Yet, Mr Nambiar has grown a special disinterest to the developments of the case and he refuses to speak on the case. It’s not the lack of social concern or insensitiveness to the plight of a victim in a sexual harassment case that forces a silence on Mr. Nambiar. He prefers to uphold the principle that a judge should not speak on a case he tried and this conviction helps him in dodging the media nudging.

However, he would willingly speak on the principles that should guide a judge when trying a case.

“I put myself in the shoes of a victim or a petitioner while judging a case. All through my career as a judicial officer, I have followed this principle, which I believe, would help the judge to comprehend a case in a better manner,” says Mr. Nambiar, who recently retired as the judge of the High Court of Kerala.

What would have been the emotions that ran through the mind of a judicial officer who tried the Suryanelli case where a 16-year-old girl was sexually exploited by 40 persons for months together?

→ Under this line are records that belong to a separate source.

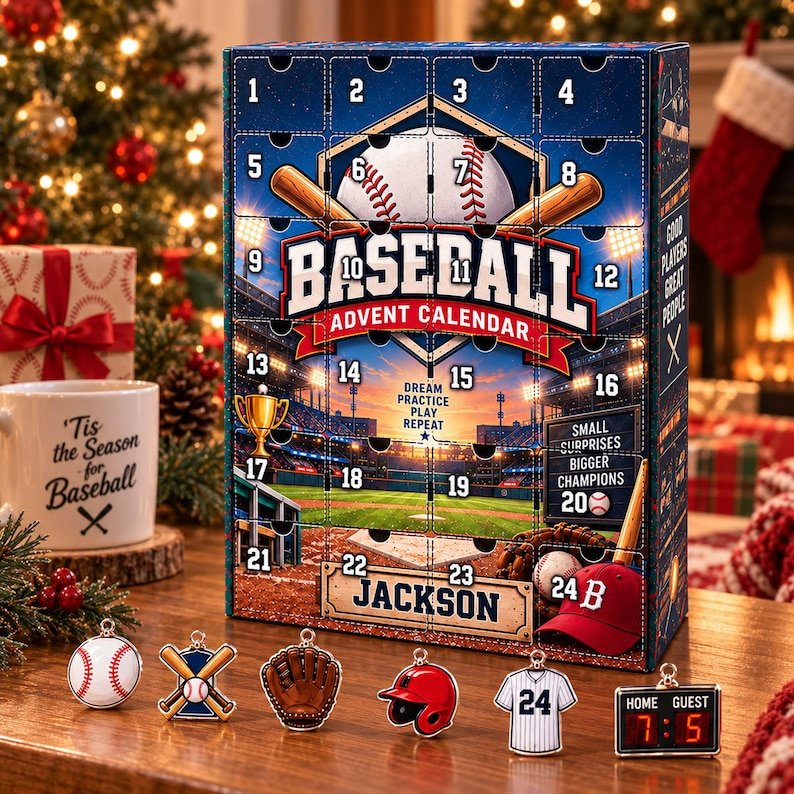 Baseball Advent Calendar 2026, 24 Baseball Ornaments Christmas Countdown Calendar, Sports Gift for Baseball Players, Chritsmas Gift AXMAS13
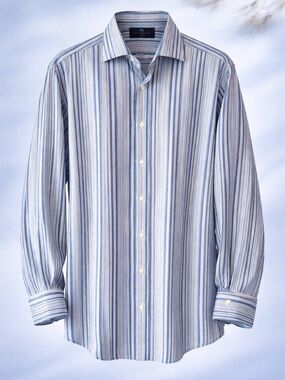 ETRO Men’s Size 43 Blue Striped Long Sleeve Casual Button Down Italian Shirt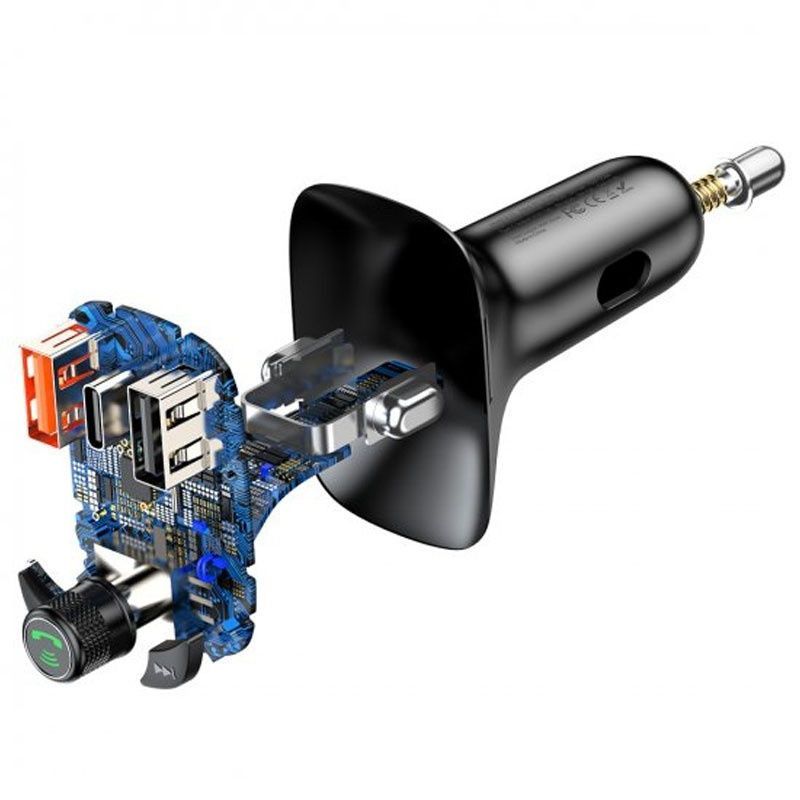 FM-модулятор Baseus S-13 36W (2USB-A + 1 Type-C), чорний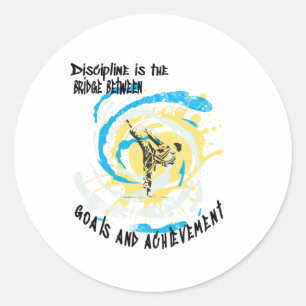 Sticker Rond La discipline est le pont entre les buts de l'art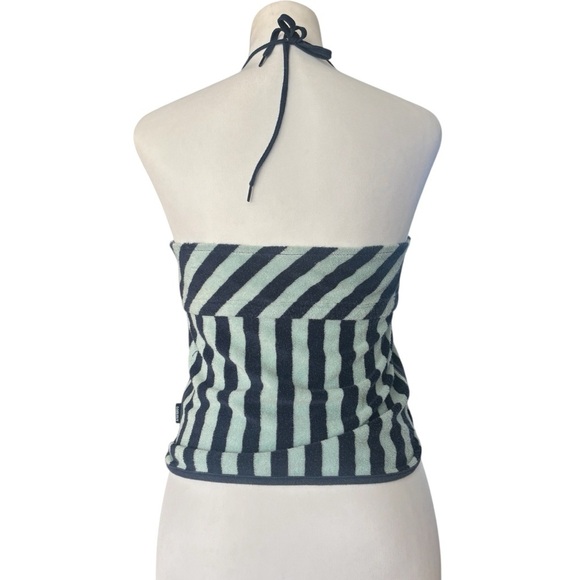 Tommy Jeans Y2K Stripped Terry Cloth Halter Top Size Medium Front Tie - Picture 5 of 11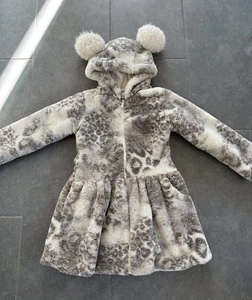 Widgeon Girl's Leopard Print Faux Fur Pom Pom Hood Coat, Size 7 - Picture 1 of 3
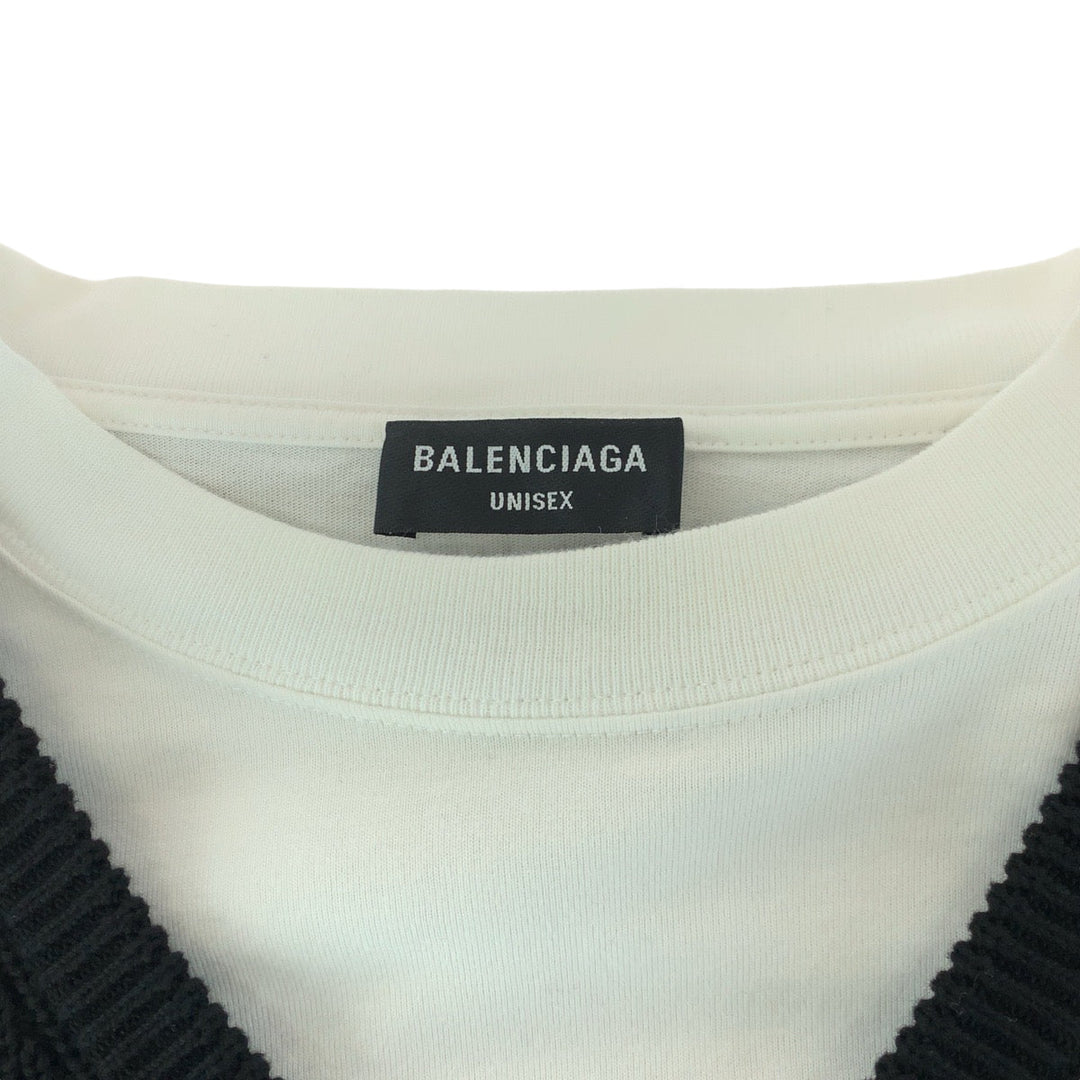 BALENCIAGA knit 678555 T3218 cotton black black white Layered knit sweater with docking design logo mens L Used Authentic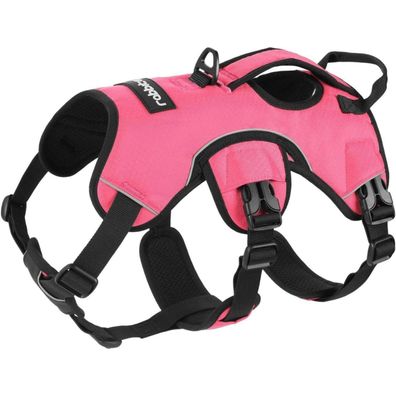 rabbitgoo Ausbruchsicheres Hundegeschirr L Rosa mit Griff, Anti-Zug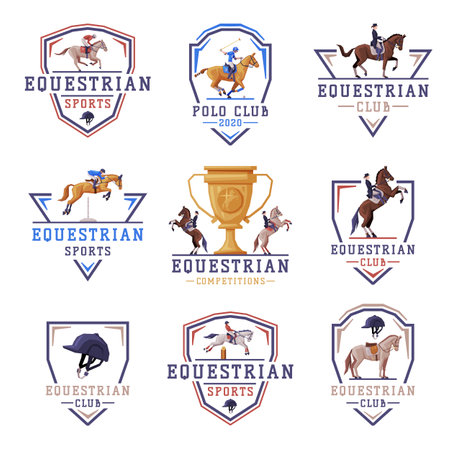 Equestrian Sports  Design Set, Jockey Racing with Thoroughbred Horse, Derby, Tournament Label, Emblem Vector Illustrationのイラスト素材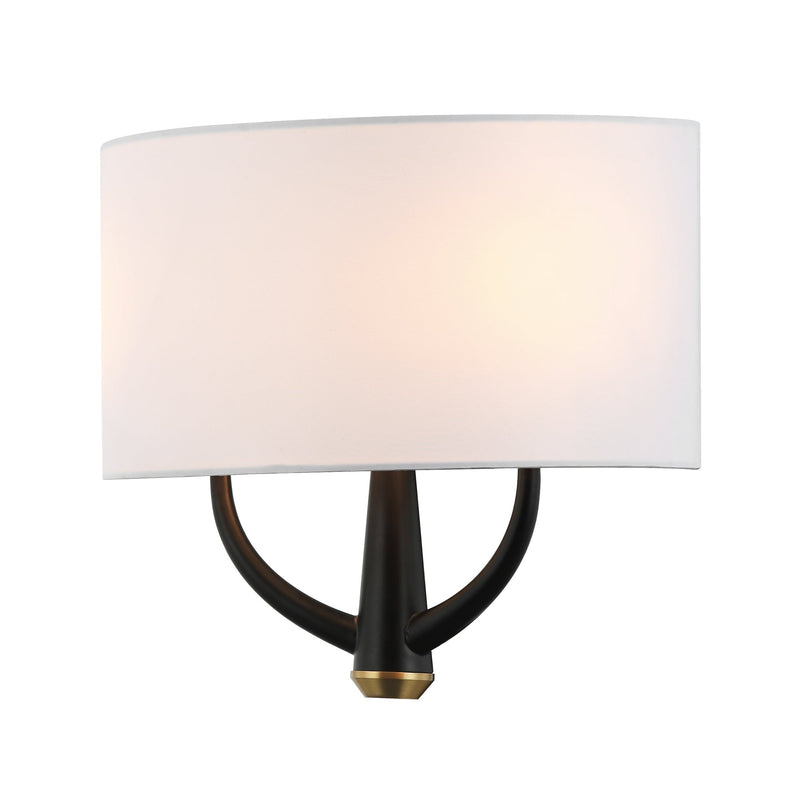 black/satin brass wall mount light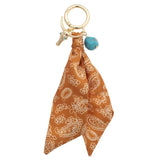 Western Cowgirl Steer Skull Bandana Bag Charm in Burnt Orange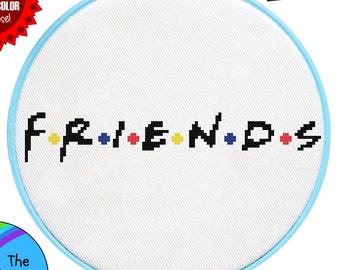 Patrón de punto de cruz del logo de Friends en PDF, tabla del alfabeto de la icónica serie de televisión, manualidad fácil para fans de Central Perk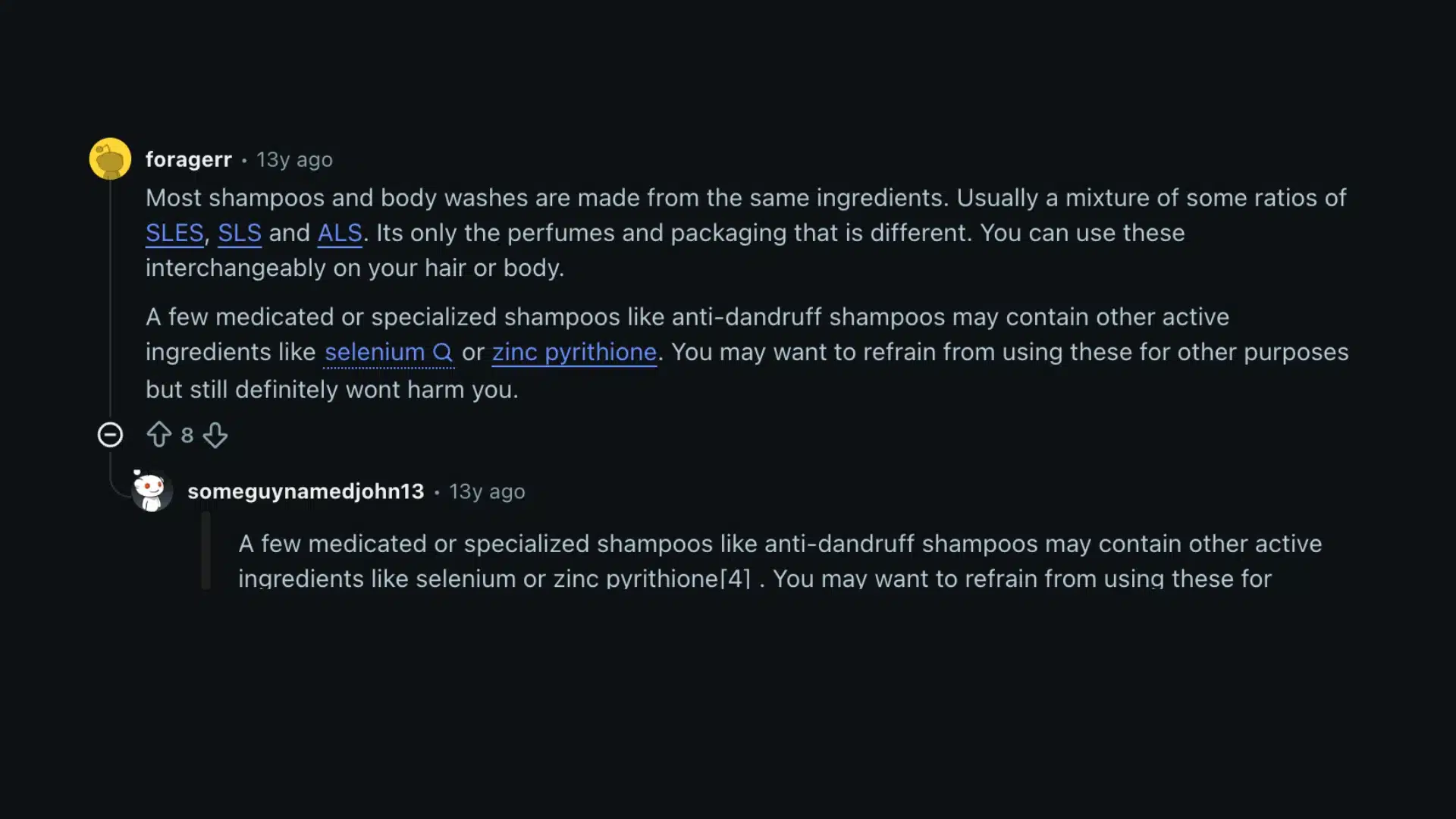 Screenshot of Reddit comments discussing shampoo ingredients like SLES, SLS, and zinc pyrithione in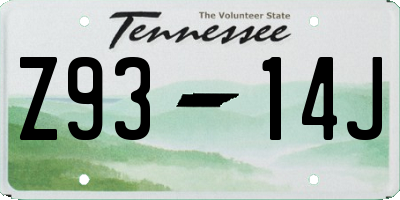 TN license plate Z9314J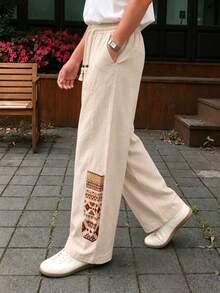 1pc Men's Pastoral Style Wide Leg Casual Pants With Exotic Pattern Patchwork Hem, Clean Silhouette, Versatile For Daily Commute And Casual Wear - Apricot - View 2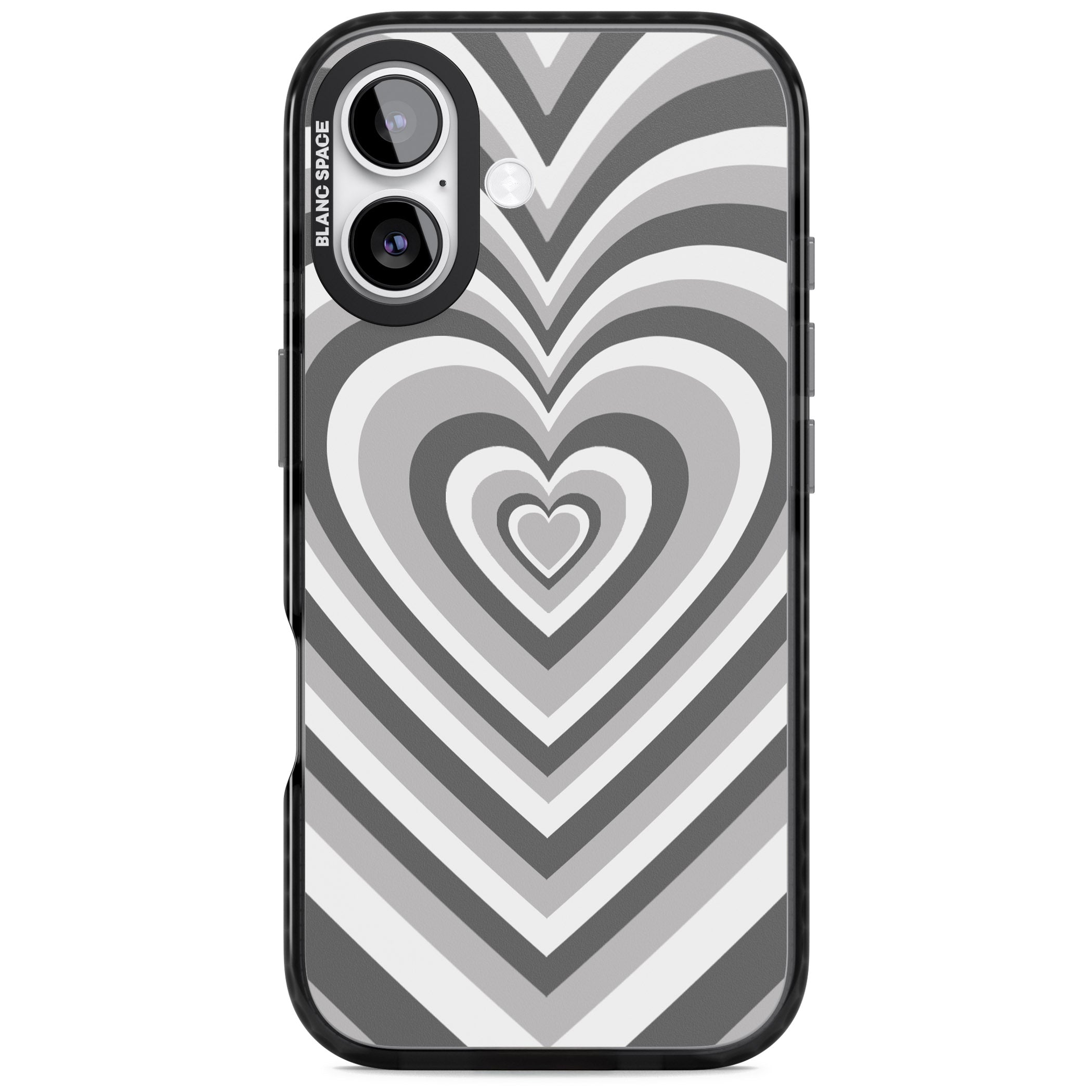 Monochrome Heart Illusion iPhone 17 Impact Black Phone Case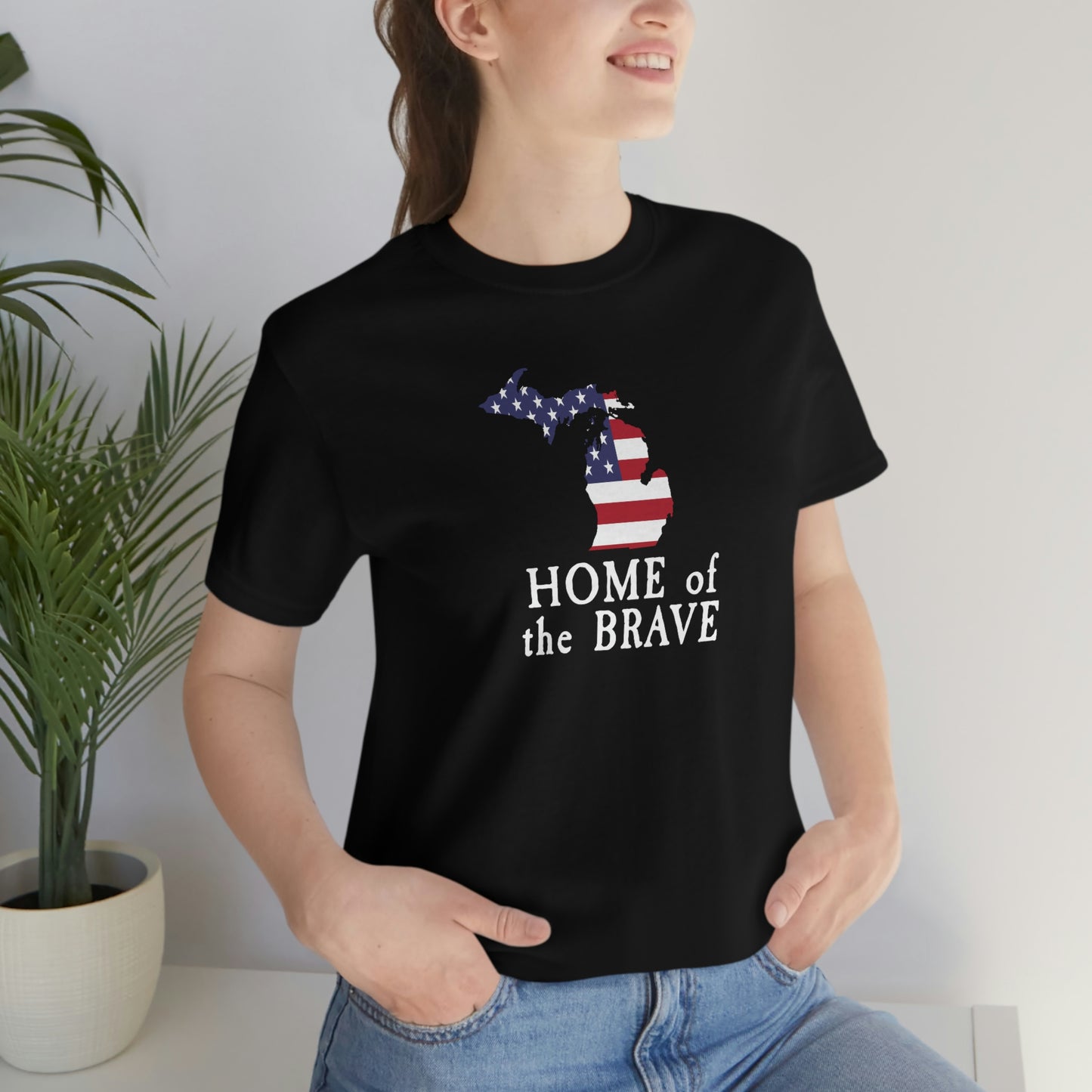 Michigan 'Home of the Brave' T-Shirt (Colonial Font w/ MI USA Outline) | Unisex Standard Fit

“If you have a daughter of that age, you should be able to understand what it might have passed through the mind of the judge,” said Mr. Nambiar, condensing the sentiments of a father of a girl child and a judge who tried the case.

“A young victim in a sexual abuse case may be muted by threat of the perpetrators of the crime. The victims silence would be brought by intimidation. In such cases, her silence should not be construed as her consent. In an earlier case of custodial rape, where a lower court found that the victim had consented to the sex, the Supreme Court had held that the victim would not be able to give free consent while in custody. Even in case of a sex worker, one cannot have sex with her without her consent. To give consent, one should also have the opportunity to say no without fearing for its consequences,” explains the judge.

Trial in rape cases, felt Mr. Nambiar who had three decades of experience behind him as a judicial officer, would present fresh rounds of torture to the victims. “Such harassments in court rooms can be prevented only by a sensitive judge who should disallow the harrowing questions by the lawyers during the trial. He may even ask the victims not to answer such questions,” he said.

Even when the country is debating the outcome of the apex court’s intervention and hailing the judgement of the trial court, Mr. Nambiar is not ecstatic about the judgement he delivered as the Special Judge. He believes the job of a judge is to act with conviction and deliver the judgement while being true to his conscience in the case. The higher courts may uphold or reverse the findings based on the perception of the judges in the higher judiciary and a judge should not be concerned about the decisions, he says.